SmartSPEC is a smart space simulator and data generator that creates customizable smart space datasets using semantic models of spaces, people, events and sensors.

Primary LanguageC++MIT LicenseMIT


Project Description

SmartSPEC is a smart space simulator and data generator that creates customizable smart space datasets using semantic models of spaces, people, events and sensors. We employ ML-based approaches to characterize and learn attributes of the embedded people and events in a sensorized space and apply an event-driven simulation strategy to generate realistic simulated data about the space (events, trajectories, sensor datasets, etc.).

The SmartSPEC architecture consists of two main components:

  • Scenario Learning, which uses input seed connectivity data and a priori knowledge of the underlying space and sensors to learn high-order concepts of events, people and trajectories, which we refer to as "metaevents", "metapeople" and "metatrajectories", respectively; and

  • Scenario Generation, which takes SmartSPEC data to generate a synthetic dataset from which a smart space dataset (e.g., trajectory dataset, sensor observation dataset, etc.) can be derived. We use the variations of the data models described below to define various scenarios, which drives the generation of new observable phenomena in the smart space.

SmartSPEC Architecture


The Scenario Learning component of SmartSPEC requires the following:

Note that most of these requirements can be fulfilled by using an Anaconda environment. After installing Anaconda, open the Anaconda command line and execute:

conda create --name smartspec
conda activate smartspec
conda install python-rapidjson numpy pandas matplotlib tqdm scikit-learn 
pip install ruptures mysql-connector-python

Note that there may be some secondary dependencies to install; please refer to the installation guides for the appropriate dependency if there are issues.

A local MySQL database is used as the data source for learning metaevents and metapeople. To set up the local data source:

  • Start your local MySQL service
  • Create a database named simulation_seed with a table connectivity. This can be accomplished with the following SQL script.
CREATE TABLE simulation_seed.connectivity 
    wifi_ap VARCHAR(32) NULL,
    cnx_time DATETIME NULL,
    client_id VARCHAR(64) NULL
  • Populate table by importing data.
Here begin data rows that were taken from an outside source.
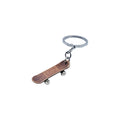 Retro Heavy Metal Element Skateboard Keychain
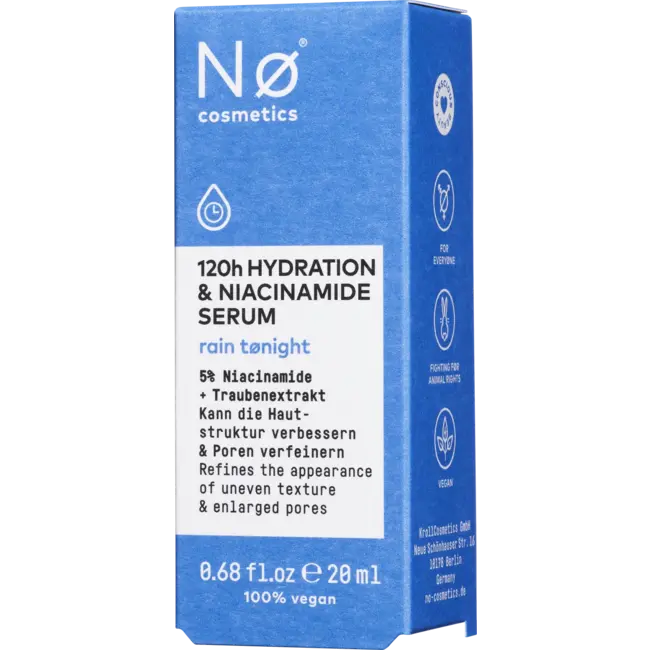 Nø Cosmetics Serum 120h Hypersleep Moisture Rain Tonight 20 ml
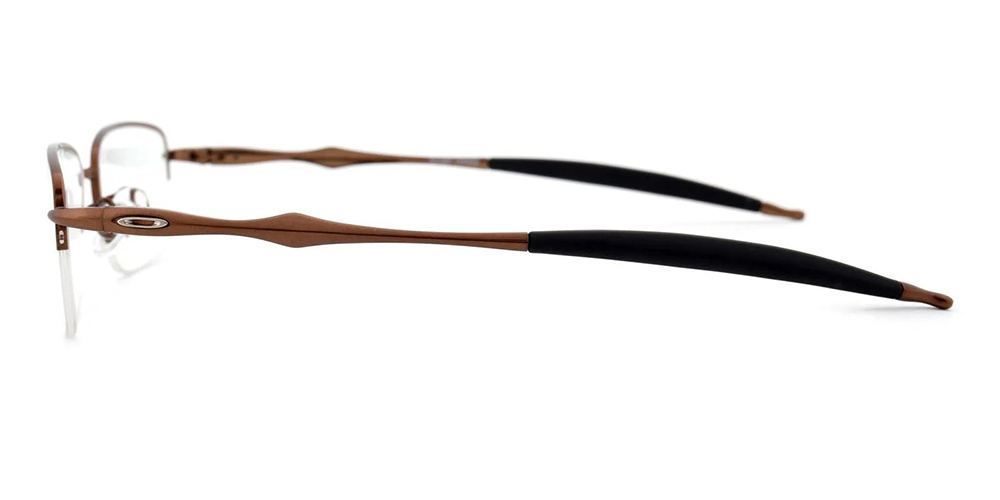 Plainview Half Rim Titamium Prescription Eyeglasses Brown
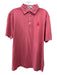 Peter Millar Size L Red Cotton Polo Men's Short Sleeve Red / L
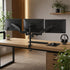 Triple Monitor Mount Stand – Desk Clamp with 3 Adjustable Arms for Multi-Screen Setup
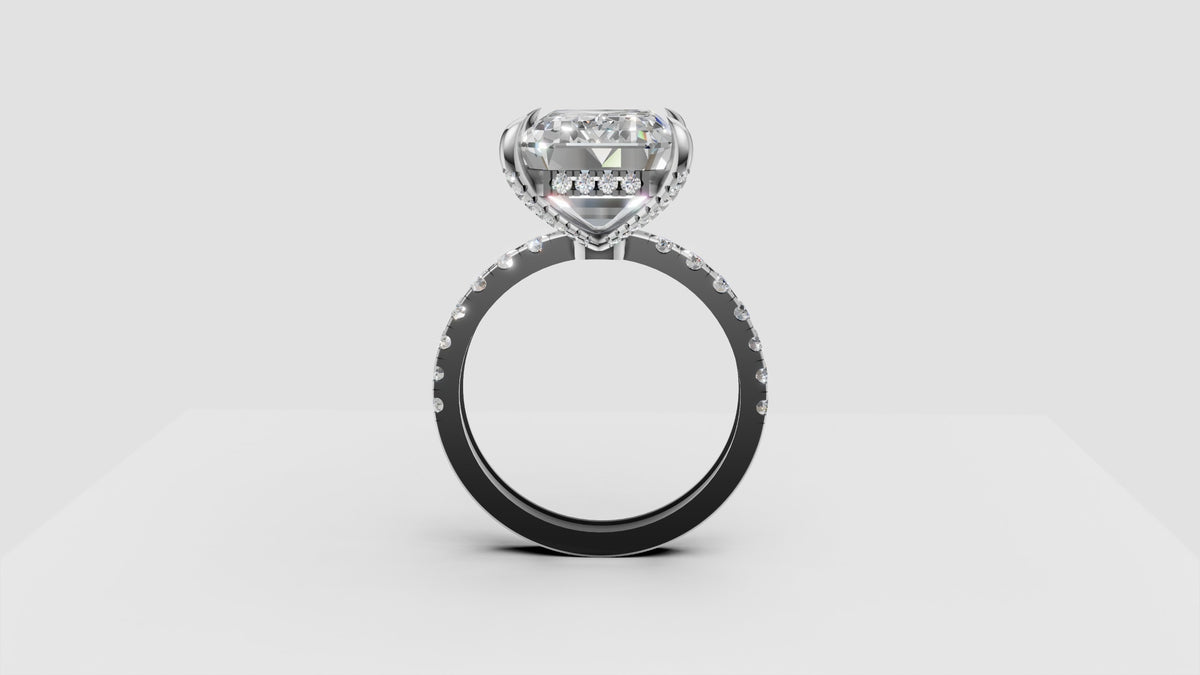 Radiant Cut Lab Diamond Ring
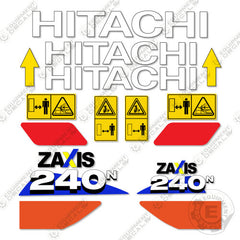 Fits Hitachi 240n Decal Kit Z-Axis Excavator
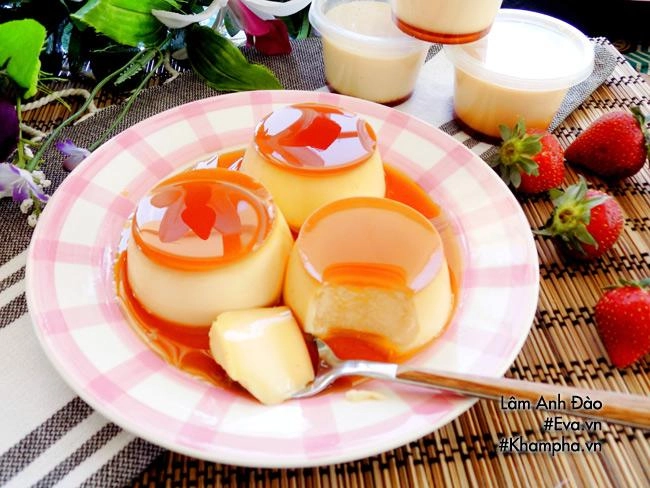 Cứ tưởng khó hóa ra làm bánh flan mềm mịn mượt như da em bé lại đơn giản thế này - 12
This data should be in the following form:
1,2017-01-01 07:30:31,81
9,2017-01-01 10:39:13,72
8,2017-01-01 10:40:08,72

Please note that you may need to modify the default security settings of MySQL in order to create the MySQL database (e.g., configure database user to authenticate via mysql_native_password.

  • Note, the local data queries can be optimized by setting indices as follows:
CREATE INDEX cnx_date ON simulation_seed.connectivity (cnx_time);
CREATE INDEX idx_ap ON simulation_seed.connectivity (wifi_ap);
CREATE INDEX time_and_ap ON simulation_seed.connectivity (cnx_time, wifi_ap);

The Scenario Generation component of SmartSPEC requires

  • C++ (version >= 17)
  • boost (version >= 1.68.0)
  • date (included in project)
  • rapidjson (included in project)

Using SmartSPEC

SmartSPEC provides three modes of operation to generate synthetic data varying in the level of user involvement/automation (see figure below). The steps to use our system are as follows:

  • Define the simulated space and its embedded sensors (1).
  • Define MetaPeople and MetaEvents manually (2a) or automatically (2b).
  • Define specific people and events based on the previous metamodels manually (3a) or automatically (3b).
  • Configure the simulation and automatically generate the synthetic dataset (4).

SmartSPEC Workflows

Scenario Learning: Configurations and Data Models

Config File

Config.txt is a configuration file used to run SmartSPEC in the scenario learning phase. It lists many learning parameters, as shown below:

start       = DateStr
end         = DateStr
unit        = int
validity    = int
smooth      = str (one of "EMA", "SMA")
window      = int
time-thresh = int
occ-thresh  = int

spaces     = Path
metaevents = Path
metapeople = Path
people     = Path
events     = Path
plots      = Path

In the learners section, start and end refer to the start and end dates (expressed as 'YYYY-MM-DD') for learning. unit denotes the number of minutes to group connection events. validity refers to the number of minutes for which the client will stay around the sensor. smooth and window are used to indicate the type of smoothening function to apply to the occupancy graphs; use smooth=SMA to apply a simple moving average and smooth=EMA to apply an exponential moving average. The time-thresh determines a minimum duration (minutes) required to realize an event. occ-thresh determines the minimum number of attendees required to realize an event.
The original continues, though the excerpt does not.